Wednesday, August 29, 2012

It's All About Me: Lessons In Letting Go

Here's a picture:

Want to know what that is? That is two years' studio rent, about 30 yards of canvas and maybe a grand or two in paint. And this:

That is a couple hundos worth of scraps (ill-fitting Target shoes included for reference) that never made it onto those things, up there. My paintings. Those are a stack of paintings, in varying lengths and widths between 6 and 10 feet. Those are hundreds of hours, countless car miles (sorry, environment). Those are love with a dash of hate, or vice versa depending on the day (my mood). Those are what I only admitted in my fumigated brain I had been vaguely referring to as "my life's work" (seriously? Get a grip). <== And that's my inner voice/critic/Jim Gaffigan, by the way. Get used to her.

And this is my parents' basement. That's a crock pot.

I'm sharing this because the transition from where these used to hang to where they are now was one of the most difficult in recent memory. From taking these behemoth scraps of cloth out of their place of honor when I moved out of my studio to their resting grounds here. One of the most humbling moments as an artist is to see what you've given your life (literally -- that's life hours right there) to sitting in a pile on a couple folding tables. What once took up hundreds of square feet of wall space reduced to a corner. We dream these big dreams and inject them into our work, like one of those moms on Toddlers and Tiaras. We look past what they are at any given moment to what we want them to be if somehow we can ever finish them, only to see them reduced to what they actually are; just bits of paint on scraps of cloth.
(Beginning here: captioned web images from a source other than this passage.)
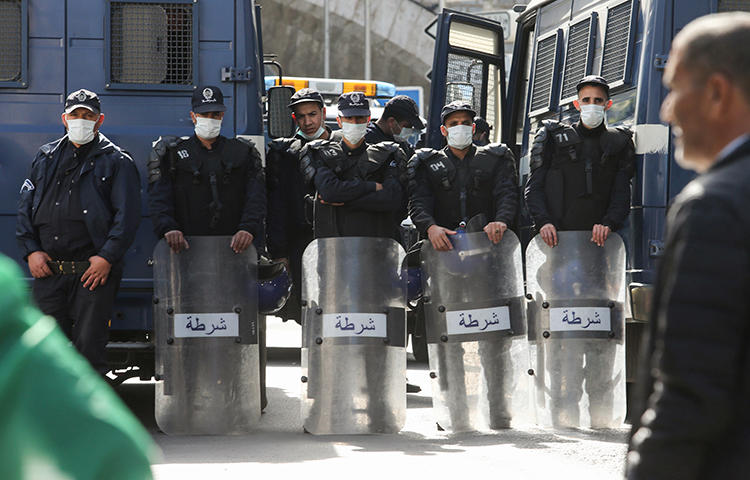 Police officers wearing face masks stand guard during an anti-government protest, following the coronavirus outbreak, in Algiers, Algeria on March 6, 2020. News websites covering both the unrest and the impact of the disease have recently been blocked in the country. (Reuters/Ramzi Boudina)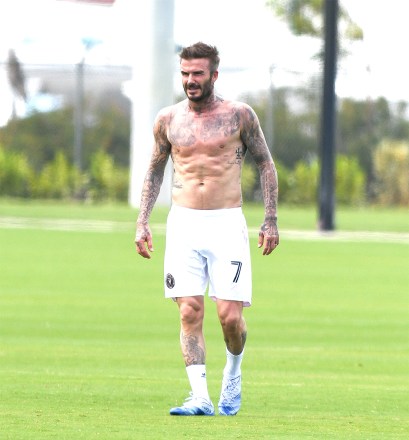 **MANDATORY BYLINE: SPLASH / MEGA** No game?  No problem!  David Beckham strips off his shirt for a kickaround after his MLS team's first home match was canceled amid the Coronavirus crisis.  Topless Becks showed off his tattooed torso on the pitch at Inter Miami CF’s Lockhart Stadium in Fort Lauderdale, Florida, on Saturday (march 14) - the day his new team was set to make their home debut against LA Galaxy.  Sons Brooklyn, Romeo and Cruz joined him for the informal footy session.  Since launching, Inter Miami has already had a run of bad luck, losing its first two matches, and now having its home debut postponed due to the global pandemic.  The MLS, along with the NBA and all major US sporting organizations, has suspended all games for 30 days.  Pictured: David Beckham Ref: SPL5156739 140320 NON-EXCLUSIVE Picture by: Mega/SplashNews.com Splash News and Pictures USA: +1 310-525-5808 London: +44 (0)20 8126 1009 Berlin: +49 175 3764 166 photodesk @splashnews.com World Rights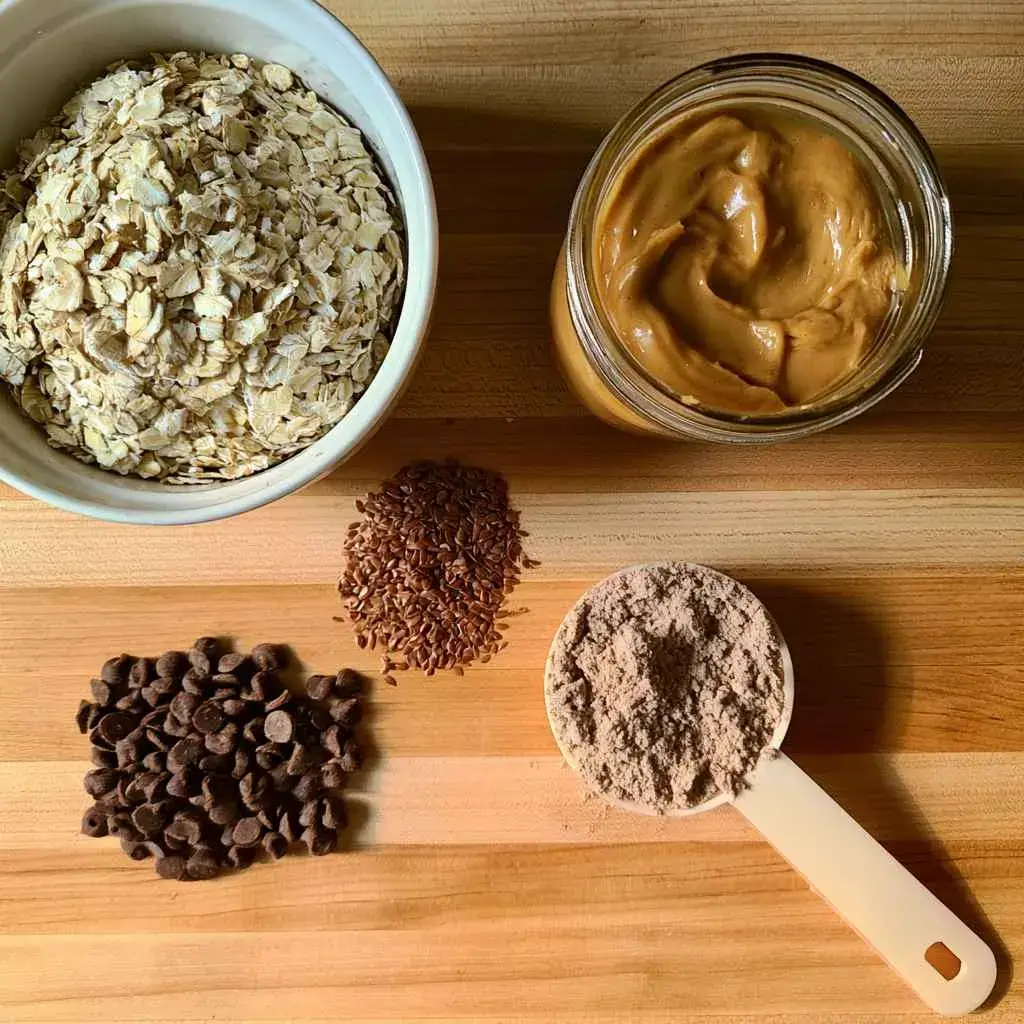 Ingredients laid out for a high protein balls recipe: oats, peanut butter, honey, flaxseed and protein powder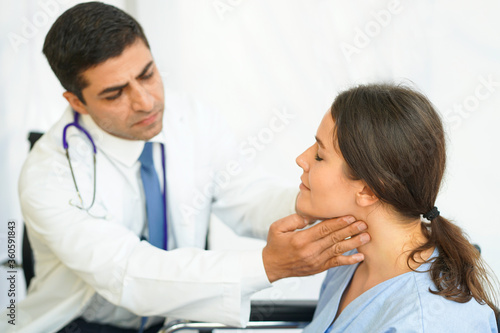 The doctor examined the female patients with neck pain in the hospital.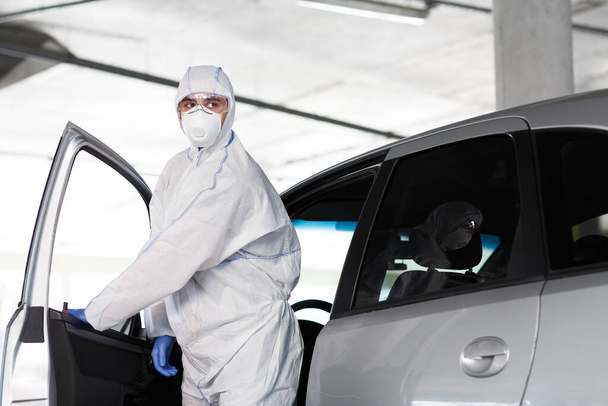 Ο άνθρωπος με τη στολή Hazmat να βγει από το αυτοκίνητο, coronavirus - Φωτογραφία, εικόνα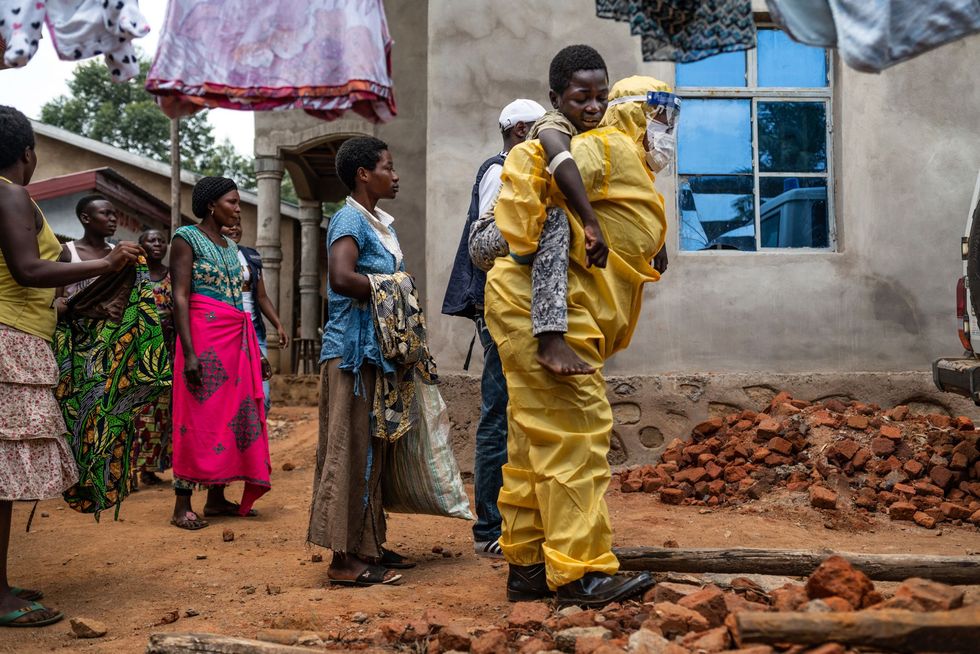 Een zorgmedewerker draagt de 14jarige Kakule Kavendivwa naar een gereedstaande ambulance in Beni De dag ervr hadden Kakules zussen hem naar de dichtstbijzijnde kliniek gebracht maar vluchtten weer toen het team hen probeerde te overreden de jongen naar een Ebolacentrum te brengen Het Ebolacentrum waarschuwde de WHO die de familie opspoorde Na urenlange gesprekken met WHOmedewerkers van de plaatselijke gemeenschap liet de familie toe dat de jongen ter behandeling door een ambulance werd meegenomen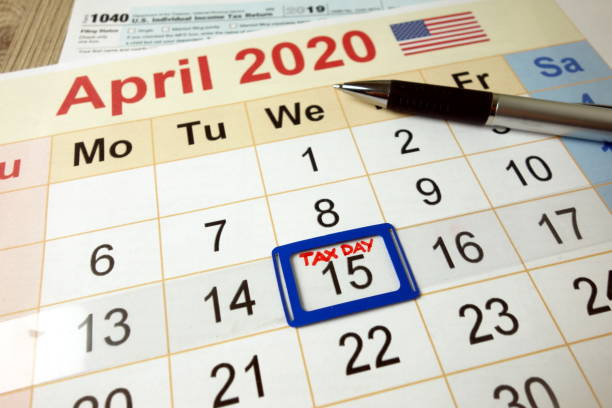 día de impuestos marcado en el calendario mensual de abril de 2020 con formulario 1040 - calendar tax april day fotografías e imágenes de stock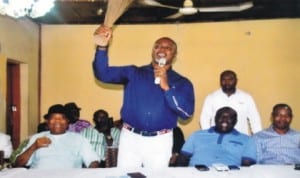 Rivers State Commissioner for Commerce and Industry, Barrister Chinye Chuma (standing), making a speech, during a congress of Non-Indigenes Political Forum in APC, Rivers State chapter in Port Harcourt  last  Wednesday.  With him are  State Co-ordinator of the forum, Chief  Uchenna  Okokoba (2nd right) and Chief  Williams Ubaka (left). 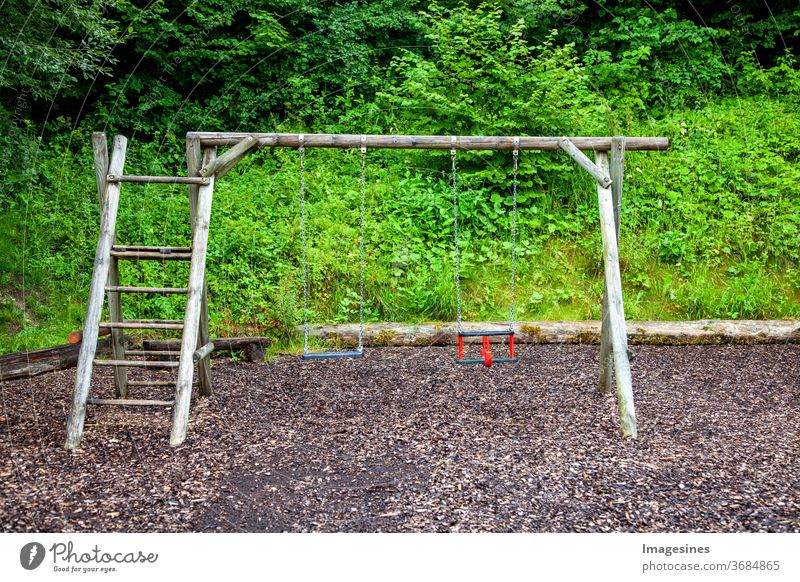 Empty chain swing on playground children's playground covid-19 pandemic Virus Playing Playground Park Nostalgia forsake sb./sth. silent coronavirus lockdown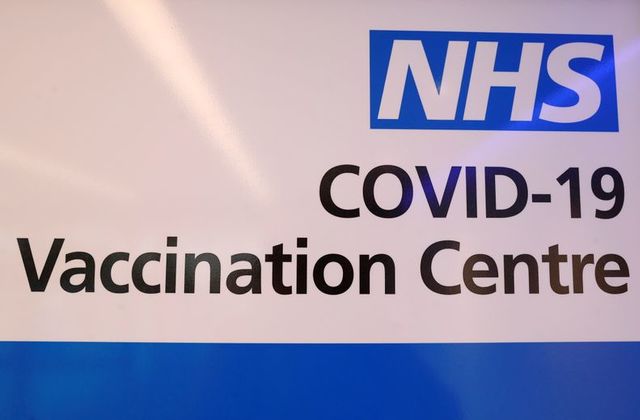 FILE PHOTO: An NHS sign is displayed at the coronavirus disease (COVID-19) vaccination centre at Cliffs Pavilion in Southend-on-Sea, Britain, February 4, 2021. REUTERS/Paul Childs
I bring up this story for two reasons:

1) It took me until forced to realize how obligated I had come to feel towards The Vision; how detached I had become from the actual physical work of painting, how unsatisfied I actually felt with the day-to-day of it and;

2) I then had to face this and come to the realization that, whatever we did the day before does nothing but bring us to today. To hold onto it is pointless. To grow from it is the objective.

But of course, at the time I didn't want to admit either of these facts. Only when Buddy Holly (that is my manfriend's name, and the moniker under which he will henceforth be referred) reminded me that I was behaving in a completely contradictory manor to my belief system did I stop whining and pay attention. It went like this:

ME: "Yeah, well, they're sitting in my parents' basement now so what good are they going to do?"

BH: "Why are you saying that? Why are they so important to you now, that they're done? Isn't the point to learn from them and then move on? Don't you paint because you love to, not because you have to?"

ME: ...(frustrated silence)... Shut up.

But he was right. I had long ago stopped finding enjoyment in working on those pieces, and yet I still clung to their current importance. I thought I was supposed to. I mean, this is my life's work, right? Artists are supposed to be suffering, aren't they?

As soon as I let go of the compulsive need to keep doing something I didn't even like doing anymore (seriously, they were a pain in the ass. Takes 20 minutes to mix a palette that gets used in 5, and the ladder acrobatics were getting old) I could start seeing them for what they had been in the past and would bring to the future. To the now. To the only moment we could ever possibly hope to live in.

So to those old pieces I bid adieu. You've served me well, wherever you end up. And to the new, I say, let's dance.